Saturday, 4 September 2010

The Next Step

We've been away for a few days, and our lovely neighbour, C, has been looking after the Garden Girls.

They've been OK, apart from when they need to go back into their runs.  It took 3 people to persuade them in one night.

We arrived home this afternoon, having decided that Tonight Is the Night for putting them together.

Everyone put themselves to bed, in the right coop.  We waited until it was completely dark, and then transposed the Big Girls from their green coop into the Little Girls' orange coop.   Initially there was a bit of stunned silence.

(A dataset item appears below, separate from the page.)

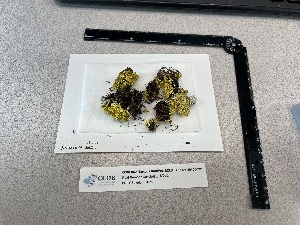  ( - CCDB-39406-B01)  @11 [ ] CreativeCommons - Attribution Non-Commercial Share-Alike (2025) Canadian Museum of Nature Canadian Museum of Nature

Then there was a bit of murmuring.   I moved the Grubs and a Glug into the run, so that there would be plenty of food and water stations in the morning.  The murmuring turned into a bit of squabbling.    I opened the roof to take a look.  Everyone was (pretty much) where they had been when I had put the Big Girls in.  Everyone looked innocent.  Delilah looked particularly innocent,  in that Butter Wouldn't Melt in My Beak kind of way, which immediately aroused  my suspicions.

I noticed that one of the Girls (Tilda or Custard, probably Tilda) was definitely in a bit of a corner. The other 3 Littles were in the other corner. Lily and Daisy were looking out of the doorway, and Milly was behind Delilah.


Delilah and Milly probably have the most to lose, so they are the ones that are likely to be troublemakers.   Despite being 18 to 18.5 weeks old, the Littlees still aren't standing their ground.


I think it'll be an early morning rising tomorrow, to let the all out to free range before any trouble starts.